Sonriéronse los mancebos de los iracundos proyectos del halconero, que, a fuer de hombre sencillo, nunca sospechaba que pudiesen engañarlo, si bien, como buen español, no sufría que le engañasen impunemente.

-Pero la cuestión es, -observó Jimeno-, que aun cuando quemases vivo a Pietro, si te informa mal, no podremos conseguir lo que deseamos, es decir, encontrar cuanto antes a Castiglione.

-Pues bien, haremos lo que se pueda, y Dios sobre todo.

-¡Muy bien dicho! -exclamó Álvaro.

-Pedro Fernández salió con intento de interrogar a Maccarroni; pero éste no se hallaba a la sazón en su establecimiento. Con grande impaciencia aguardaban los caballeros el resultado de las investigaciones del halconero. La idea culminante de nuestros jóvenes era la de partir al punto de Capua; mas para resolverse deseaban saber con anticipación el camino que llevaban Castiglione y Elvira.

Al fin apareció el halconero.

-¿Qué tenemos? -preguntó don Guillén.

-Lo mismo que teníamos, -respondió Fernández de mal gesto.

-¿Cómo así?

-El bribonazo de Pietro se ha hecho una mosquita muerta, y me ha respondido con palabras muy mansas que jamás acostumbra importunar a los viajeros que favorecen su establecimiento con preguntas indiscretas respecto adónde van y de dónde vienen.

-¡Rayos del cielo! ¿Y tú crees que Maccarroni lo sabe?

-Señor, el corazón del hombre es un abismo, un libro cerrado en el cual sólo Dios puede leer sin engañarse. ¿Cómo queréis que yo sepa lo que ese demonio de Pietro sabe y piensa?

Los caballeros permanecieron largo rato meditabundos.

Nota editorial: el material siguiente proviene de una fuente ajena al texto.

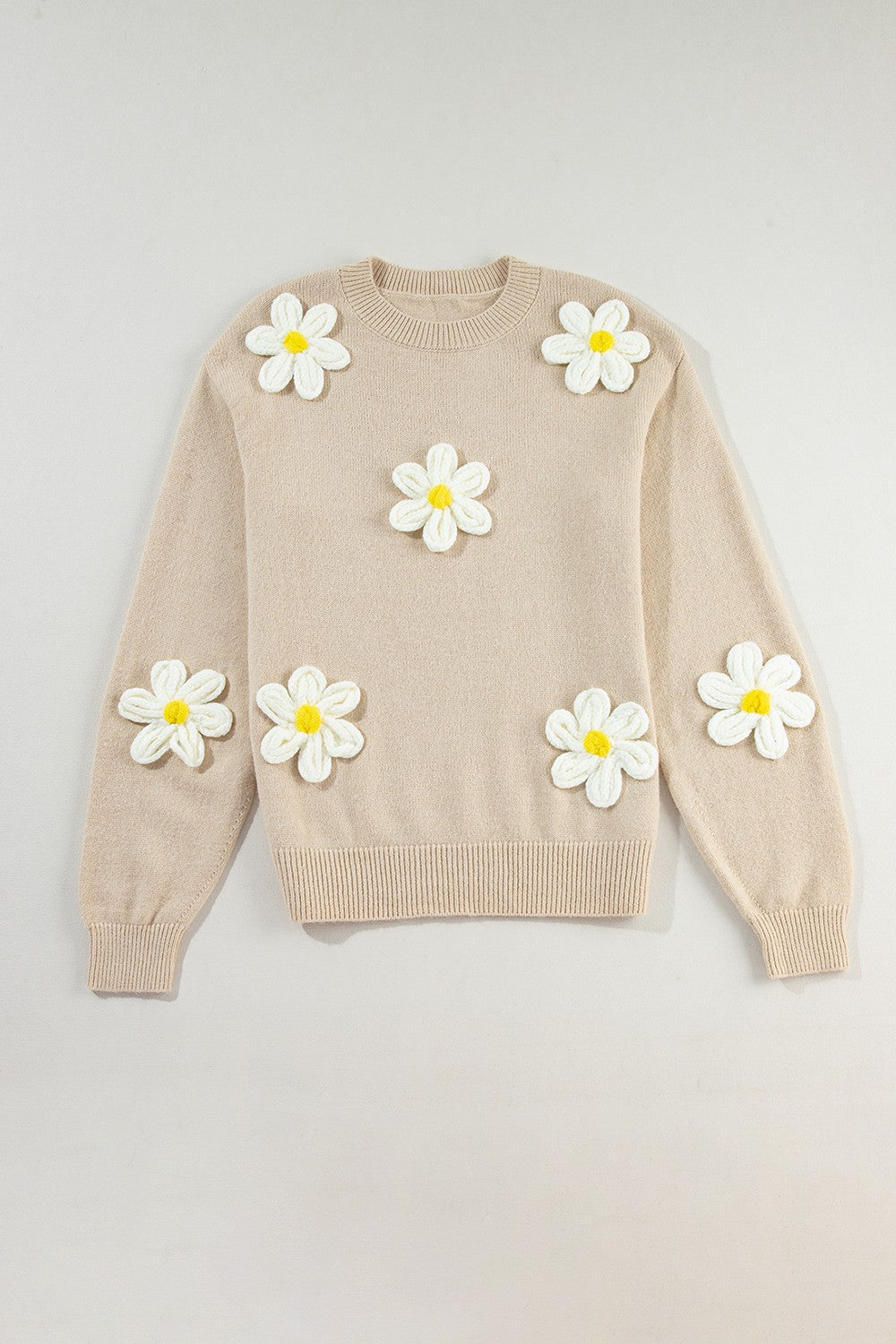 Tan knit sweater with embroidered white and yellow daisies, crew neck, long sleeves.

-¿Queréis seguir mi consejo? -dijo de pronto el trovador.

-Habla.

-Lo que debemos hacer es disponer inmediatamente nuestro viaje, tomar lenguas y seguir el alcance a Castiglione y a esas damas. Ellos no han ido debajo de ningún celemín; todo el mundo los habrá visto por la ciudad y por el campo; y por otra parte, nos llevan muy poca delantera y será cosa facilísima el encontrarlos.

-¡Vive Dios, que tienes mucha razón! -exclamó don Guillén-. ¡Seguiremos tu consejo!

Y volviéndose a Pedro Fernández añadió:

-Disponlo todo al punto de manera, que muy en breve podamos partir. ¡Anda!

Ya salía el halconero, cuando Gómez de Lara, volvió a llamarle.

-¿Qué mandáis, señor?

-¡Voto a Cribas! Se nos olvidaba una cosa de grande importancia, -dijo don Guillén volviéndose a sus compañeros.

-¿El qué? -preguntaron.

-Cumplir una promesa solemne que hicimos anoche.

-¡Es verdad! Es preciso enviarle a la familia de Passionnati los otros tres mil florines que le ofrecimos.

Los caballeros contaron la suma y se la enviaron con el halconero. Una hora después salían de Capua los tres amigos, seguidos de su comitiva.

¡Figúrese el lector cuánta no sería la rabia de Pietro al ver que se le escapaba tan rica presa!